What to do:
Copy every line below precisely, leaving nothing out.

::: Data section :::

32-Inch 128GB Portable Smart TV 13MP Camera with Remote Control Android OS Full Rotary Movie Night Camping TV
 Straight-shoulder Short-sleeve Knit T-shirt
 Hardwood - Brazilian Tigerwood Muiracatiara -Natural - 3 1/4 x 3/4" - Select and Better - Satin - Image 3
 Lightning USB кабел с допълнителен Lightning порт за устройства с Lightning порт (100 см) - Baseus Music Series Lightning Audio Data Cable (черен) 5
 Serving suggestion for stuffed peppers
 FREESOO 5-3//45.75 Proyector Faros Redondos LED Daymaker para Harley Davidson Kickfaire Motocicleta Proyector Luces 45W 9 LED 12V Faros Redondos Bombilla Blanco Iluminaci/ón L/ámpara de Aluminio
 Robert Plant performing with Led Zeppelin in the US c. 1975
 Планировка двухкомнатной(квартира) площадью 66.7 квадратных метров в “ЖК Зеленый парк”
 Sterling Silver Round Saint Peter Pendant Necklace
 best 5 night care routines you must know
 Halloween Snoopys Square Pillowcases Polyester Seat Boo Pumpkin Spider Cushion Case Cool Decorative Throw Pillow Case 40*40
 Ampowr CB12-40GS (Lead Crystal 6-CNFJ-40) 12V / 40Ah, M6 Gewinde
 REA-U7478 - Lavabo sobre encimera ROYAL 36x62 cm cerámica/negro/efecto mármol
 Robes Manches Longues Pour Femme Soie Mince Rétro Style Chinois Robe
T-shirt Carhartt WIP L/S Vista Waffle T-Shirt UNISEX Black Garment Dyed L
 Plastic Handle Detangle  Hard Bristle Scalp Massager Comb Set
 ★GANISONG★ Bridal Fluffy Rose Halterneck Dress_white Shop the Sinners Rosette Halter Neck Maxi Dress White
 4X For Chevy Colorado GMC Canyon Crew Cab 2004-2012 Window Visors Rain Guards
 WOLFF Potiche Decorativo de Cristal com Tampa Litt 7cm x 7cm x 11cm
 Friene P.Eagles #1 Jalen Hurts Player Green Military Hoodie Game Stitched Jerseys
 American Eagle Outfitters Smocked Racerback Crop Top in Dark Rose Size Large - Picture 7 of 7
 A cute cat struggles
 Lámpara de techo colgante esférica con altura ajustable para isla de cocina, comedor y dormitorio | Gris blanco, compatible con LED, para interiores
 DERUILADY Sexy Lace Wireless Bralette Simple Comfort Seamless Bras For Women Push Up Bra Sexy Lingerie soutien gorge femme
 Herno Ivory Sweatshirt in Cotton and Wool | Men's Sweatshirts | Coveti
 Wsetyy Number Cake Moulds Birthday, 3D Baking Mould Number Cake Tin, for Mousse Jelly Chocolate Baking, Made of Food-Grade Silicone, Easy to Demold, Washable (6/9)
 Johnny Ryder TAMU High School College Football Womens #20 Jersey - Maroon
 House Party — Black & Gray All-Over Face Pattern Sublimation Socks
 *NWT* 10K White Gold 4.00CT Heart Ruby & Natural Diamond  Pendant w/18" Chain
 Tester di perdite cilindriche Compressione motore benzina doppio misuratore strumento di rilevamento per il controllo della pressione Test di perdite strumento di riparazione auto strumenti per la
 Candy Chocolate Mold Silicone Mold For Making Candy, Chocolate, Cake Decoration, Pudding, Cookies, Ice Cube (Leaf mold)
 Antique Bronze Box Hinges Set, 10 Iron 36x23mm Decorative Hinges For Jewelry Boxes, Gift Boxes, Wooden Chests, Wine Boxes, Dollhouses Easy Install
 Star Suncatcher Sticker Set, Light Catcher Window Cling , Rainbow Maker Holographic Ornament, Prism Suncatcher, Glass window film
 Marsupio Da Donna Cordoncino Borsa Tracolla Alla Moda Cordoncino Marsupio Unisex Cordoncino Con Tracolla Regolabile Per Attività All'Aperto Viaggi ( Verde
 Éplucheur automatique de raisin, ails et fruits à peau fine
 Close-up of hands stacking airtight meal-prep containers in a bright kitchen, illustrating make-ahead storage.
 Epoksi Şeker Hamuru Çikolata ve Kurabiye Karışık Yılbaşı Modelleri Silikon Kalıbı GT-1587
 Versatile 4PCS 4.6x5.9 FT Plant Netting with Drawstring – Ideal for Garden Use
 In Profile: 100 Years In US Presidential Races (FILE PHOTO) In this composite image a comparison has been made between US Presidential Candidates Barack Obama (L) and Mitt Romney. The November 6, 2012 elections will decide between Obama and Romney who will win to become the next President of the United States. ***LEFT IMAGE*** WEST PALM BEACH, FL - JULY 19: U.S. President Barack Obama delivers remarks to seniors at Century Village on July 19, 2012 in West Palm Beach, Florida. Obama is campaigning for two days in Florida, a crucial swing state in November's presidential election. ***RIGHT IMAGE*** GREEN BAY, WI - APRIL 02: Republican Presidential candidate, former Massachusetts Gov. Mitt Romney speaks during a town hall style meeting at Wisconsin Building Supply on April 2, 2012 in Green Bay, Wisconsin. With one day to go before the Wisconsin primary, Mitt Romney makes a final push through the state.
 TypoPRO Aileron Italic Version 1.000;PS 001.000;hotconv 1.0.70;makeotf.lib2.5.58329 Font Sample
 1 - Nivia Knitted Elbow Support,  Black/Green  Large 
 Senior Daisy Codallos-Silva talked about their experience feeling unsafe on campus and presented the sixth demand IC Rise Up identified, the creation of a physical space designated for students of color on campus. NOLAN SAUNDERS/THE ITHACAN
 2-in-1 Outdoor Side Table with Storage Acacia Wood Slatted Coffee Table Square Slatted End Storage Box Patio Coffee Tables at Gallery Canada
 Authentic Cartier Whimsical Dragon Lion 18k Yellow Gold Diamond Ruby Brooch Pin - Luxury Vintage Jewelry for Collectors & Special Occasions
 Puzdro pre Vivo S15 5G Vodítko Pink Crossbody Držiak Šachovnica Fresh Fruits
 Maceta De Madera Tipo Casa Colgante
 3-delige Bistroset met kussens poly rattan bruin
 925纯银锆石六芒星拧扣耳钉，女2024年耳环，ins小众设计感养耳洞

:::

Exercise result:
32-Inch 128GB Portable Smart TV 13MP Camera with Remote Control Android OS Full Rotary Movie Night Camping TV
 Straight-shoulder Short-sleeve Knit T-shirt
 Hardwood - Brazilian Tigerwood Muiracatiara -Natural - 3 1/4 x 3/4" - Select and Better - Satin - Image 3
 Lightning USB кабел с допълнителен Lightning порт за устройства с Lightning порт (100 см) - Baseus Music Series Lightning Audio Data Cable (черен) 5
 Serving suggestion for stuffed peppers
 FREESOO 5-3//45.75 Proyector Faros Redondos LED Daymaker para Harley Davidson Kickfaire Motocicleta Proyector Luces 45W 9 LED 12V Faros Redondos Bombilla Blanco Iluminaci/ón L/ámpara de Aluminio
 Robert Plant performing with Led Zeppelin in the US c. 1975
 Планировка двухкомнатной(квартира) площадью 66.7 квадратных метров в “ЖК Зеленый парк”
 Sterling Silver Round Saint Peter Pendant Necklace
 best 5 night care routines you must know
 Halloween Snoopys Square Pillowcases Polyester Seat Boo Pumpkin Spider Cushion Case Cool Decorative Throw Pillow Case 40*40
 Ampowr CB12-40GS (Lead Crystal 6-CNFJ-40) 12V / 40Ah, M6 Gewinde
 REA-U7478 - Lavabo sobre encimera ROYAL 36x62 cm cerámica/negro/efecto mármol
 Robes Manches Longues Pour Femme Soie Mince Rétro Style Chinois Robe
T-shirt Carhartt WIP L/S Vista Waffle T-Shirt UNISEX Black Garment Dyed L
 Plastic Handle Detangle  Hard Bristle Scalp Massager Comb Set
 ★GANISONG★ Bridal Fluffy Rose Halterneck Dress_white Shop the Sinners Rosette Halter Neck Maxi Dress White
 4X For Chevy Colorado GMC Canyon Crew Cab 2004-2012 Window Visors Rain Guards
 WOLFF Potiche Decorativo de Cristal com Tampa Litt 7cm x 7cm x 11cm
 Friene P.Eagles #1 Jalen Hurts Player Green Military Hoodie Game Stitched Jerseys
 American Eagle Outfitters Smocked Racerback Crop Top in Dark Rose Size Large - Picture 7 of 7
 A cute cat struggles
 Lámpara de techo colgante esférica con altura ajustable para isla de cocina, comedor y dormitorio | Gris blanco, compatible con LED, para interiores
 DERUILADY Sexy Lace Wireless Bralette Simple Comfort Seamless Bras For Women Push Up Bra Sexy Lingerie soutien gorge femme
 Herno Ivory Sweatshirt in Cotton and Wool | Men's Sweatshirts | Coveti
 Wsetyy Number Cake Moulds Birthday, 3D Baking Mould Number Cake Tin, for Mousse Jelly Chocolate Baking, Made of Food-Grade Silicone, Easy to Demold, Washable (6/9)
 Johnny Ryder TAMU High School College Football Womens #20 Jersey - Maroon
 House Party — Black & Gray All-Over Face Pattern Sublimation Socks
 *NWT* 10K White Gold 4.00CT Heart Ruby & Natural Diamond  Pendant w/18" Chain
 Tester di perdite cilindriche Compressione motore benzina doppio misuratore strumento di rilevamento per il controllo della pressione Test di perdite strumento di riparazione auto strumenti per la
 Candy Chocolate Mold Silicone Mold For Making Candy, Chocolate, Cake Decoration, Pudding, Cookies, Ice Cube (Leaf mold)
 Antique Bronze Box Hinges Set, 10 Iron 36x23mm Decorative Hinges For Jewelry Boxes, Gift Boxes, Wooden Chests, Wine Boxes, Dollhouses Easy Install
 Star Suncatcher Sticker Set, Light Catcher Window Cling , Rainbow Maker Holographic Ornament, Prism Suncatcher, Glass window film
 Marsupio Da Donna Cordoncino Borsa Tracolla Alla Moda Cordoncino Marsupio Unisex Cordoncino Con Tracolla Regolabile Per Attività All'Aperto Viaggi ( Verde
 Éplucheur automatique de raisin, ails et fruits à peau fine
 Close-up of hands stacking airtight meal-prep containers in a bright kitchen, illustrating make-ahead storage.
 Epoksi Şeker Hamuru Çikolata ve Kurabiye Karışık Yılbaşı Modelleri Silikon Kalıbı GT-1587
 Versatile 4PCS 4.6x5.9 FT Plant Netting with Drawstring – Ideal for Garden Use
 In Profile: 100 Years In US Presidential Races (FILE PHOTO) In this composite image a comparison has been made between US Presidential Candidates Barack Obama (L) and Mitt Romney. The November 6, 2012 elections will decide between Obama and Romney who will win to become the next President of the United States. ***LEFT IMAGE*** WEST PALM BEACH, FL - JULY 19: U.S. President Barack Obama delivers remarks to seniors at Century Village on July 19, 2012 in West Palm Beach, Florida. Obama is campaigning for two days in Florida, a crucial swing state in November's presidential election. ***RIGHT IMAGE*** GREEN BAY, WI - APRIL 02: Republican Presidential candidate, former Massachusetts Gov. Mitt Romney speaks during a town hall style meeting at Wisconsin Building Supply on April 2, 2012 in Green Bay, Wisconsin. With one day to go before the Wisconsin primary, Mitt Romney makes a final push through the state.
 TypoPRO Aileron Italic Version 1.000;PS 001.000;hotconv 1.0.70;makeotf.lib2.5.58329 Font Sample
 1 - Nivia Knitted Elbow Support,  Black/Green  Large 
 Senior Daisy Codallos-Silva talked about their experience feeling unsafe on campus and presented the sixth demand IC Rise Up identified, the creation of a physical space designated for students of color on campus. NOLAN SAUNDERS/THE ITHACAN
 2-in-1 Outdoor Side Table with Storage Acacia Wood Slatted Coffee Table Square Slatted End Storage Box Patio Coffee Tables at Gallery Canada
 Authentic Cartier Whimsical Dragon Lion 18k Yellow Gold Diamond Ruby Brooch Pin - Luxury Vintage Jewelry for Collectors & Special Occasions
 Puzdro pre Vivo S15 5G Vodítko Pink Crossbody Držiak Šachovnica Fresh Fruits
 Maceta De Madera Tipo Casa Colgante
 3-delige Bistroset met kussens poly rattan bruin
 925纯银锆石六芒星拧扣耳钉，女2024年耳环，ins小众设计感养耳洞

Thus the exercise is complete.